日本農業の発展と農業経営の安定、農村・地域振興、安心・安全な食料の安定供給の視点にこだわった報道を追求します。

〈蔦谷栄一の異見私見〉第一次産業が地球を救う

2021年3月5日

 今回の話は食料安全保障がテーマではない。気候変動対策としての温室効果ガスの排出抑制に、第一次産業、特に農業の変革によって積極的に貢献していこうという話である。

 農水省と環境省は昨年10月、菅首相の国会での総理大臣所信表明演説に先立ち、農林水産業における2050年カーボンニュートラル達成に向けて連携を強化していくことで合意した。これを受けて環境省が「地域循環共生圏」の創造を展開していくのと併行して、農水省は「みどりの食料システム戦略」の策定を急ぐ。
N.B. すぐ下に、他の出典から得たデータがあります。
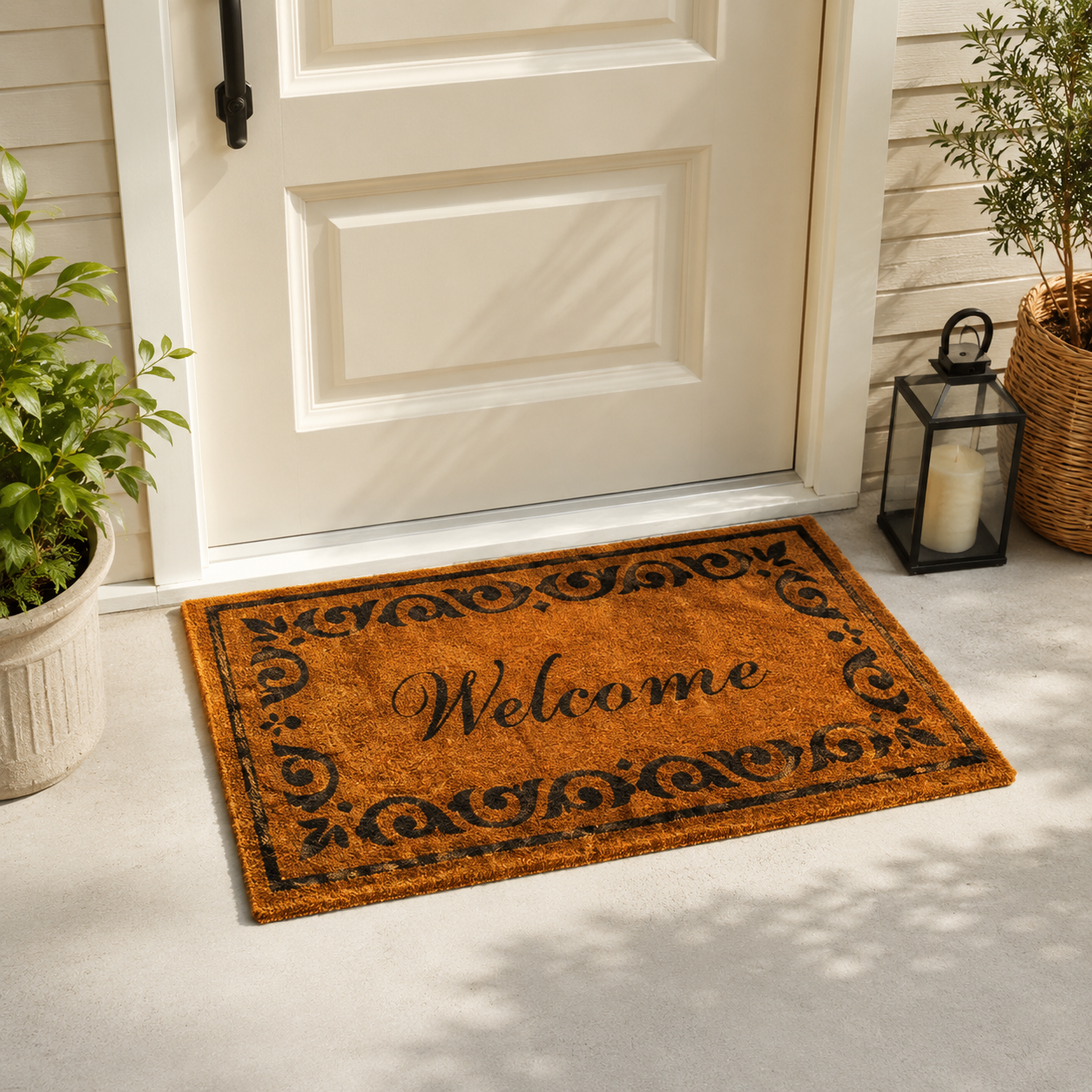 Welcome Doormat for Entryway & Patio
 みどりの食料システム戦略は、CO2ゼロエミッション化の実現、化学農薬使用量(リスク換算)の削減、輸入原料や化石燃料を原料とした化学肥料の使用量の削減、有機農業面積の拡大、食品製造業の労働生産性の向上、持続可能性に配慮した輸入原材料調達を実現、を2050年までに目指す姿と想定しての作業がすすめられている。本年3月中には中間とりまとめを行い、5月での戦略決定を目指す。

 今後、具体的政策についての論議が展開されることになろうが、これに先立ち本戦略の建付けについて提言しておきたい。基本柱をCO2ゼロエミッションに置き、CO2の削減を重視した農政見直しを骨格とすべし、というもので、温暖化に不安を募らせる国民の理解も獲得しやすくなるのではないか。また食料・農業・農村基本法の理念に合致することにもなる。
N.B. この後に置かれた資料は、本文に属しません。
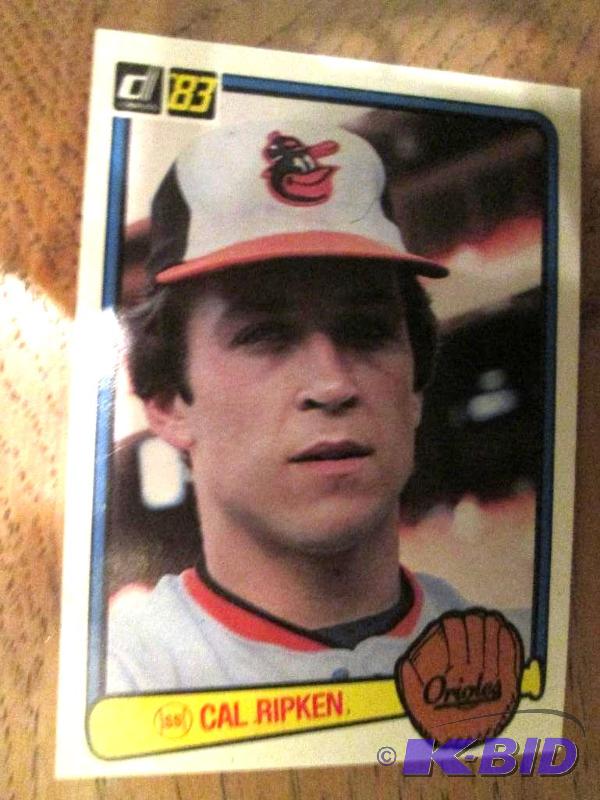 lot 108 image: 1983 Donruss Cal Ripken collector card...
このために次の実情を踏まえておくことが欠かせない。農林水産分野からの温室効果ガス排出量は5001万トン(2018年度。以下同じ)であるが、一方で吸収量は森林の4700万トンに、農地・牧草地での750万トンを加えて、若干の吸収超となる。別途、日本の全排出量の4.0%となる農林水産分野からの温室効果ガス排出の中身を見ると、その33%は燃料燃焼、27%が稲作、そして家畜からが27%(15%が家畜の消化管内発酵、12%が家畜排泄物管理)となっており、そのほとんどは農業からの排出となる。

 そこでCO2削減の方策は、まずは主要な吸収源である森林の維持・管理と農地の有効利用が大前提になる。そのうえで農機具の燃焼効率向上、水田稲作での中干し期間の延長、浄化槽の改善やバランス飼料の開発等への取組みを重点化する。また積極的なCO2削減に向け、畑地、果樹園も含む農地土壌での炭素貯留の増加を目玉とし、このため堆肥や緑肥の投入、不耕起や浅耕、微生物の活用等による農業の質的転換を基軸とする。そしてこれに対応して有機農業や環境保全型農業を推進していくとともに、消費者が温暖化対策に寄与した農法で作られた農作物の選択を容易にする表示・認証の見直しと流通改善をはかっていく。
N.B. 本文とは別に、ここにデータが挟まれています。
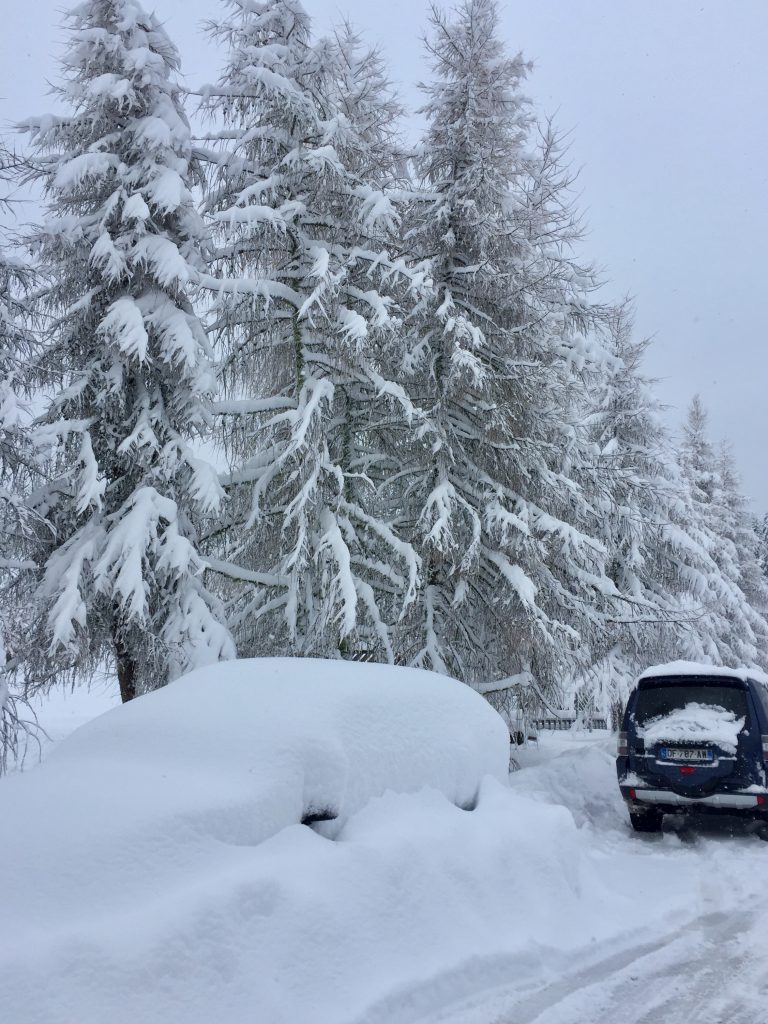 Deep snow in Les Gets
 こうした構図を明確にしながら方策を具体化していくことを提言するものであるが、このためにも農業分野でのCO2削減の数値目標を打ち出したい。農林水産業を大幅なCO2吸収超にしていくことによって気候変動対策に大きく貢献していく。そして国産国消に意を注いでいる農協系統がその先頭に立って全体をリードしていく。大いに期待したい。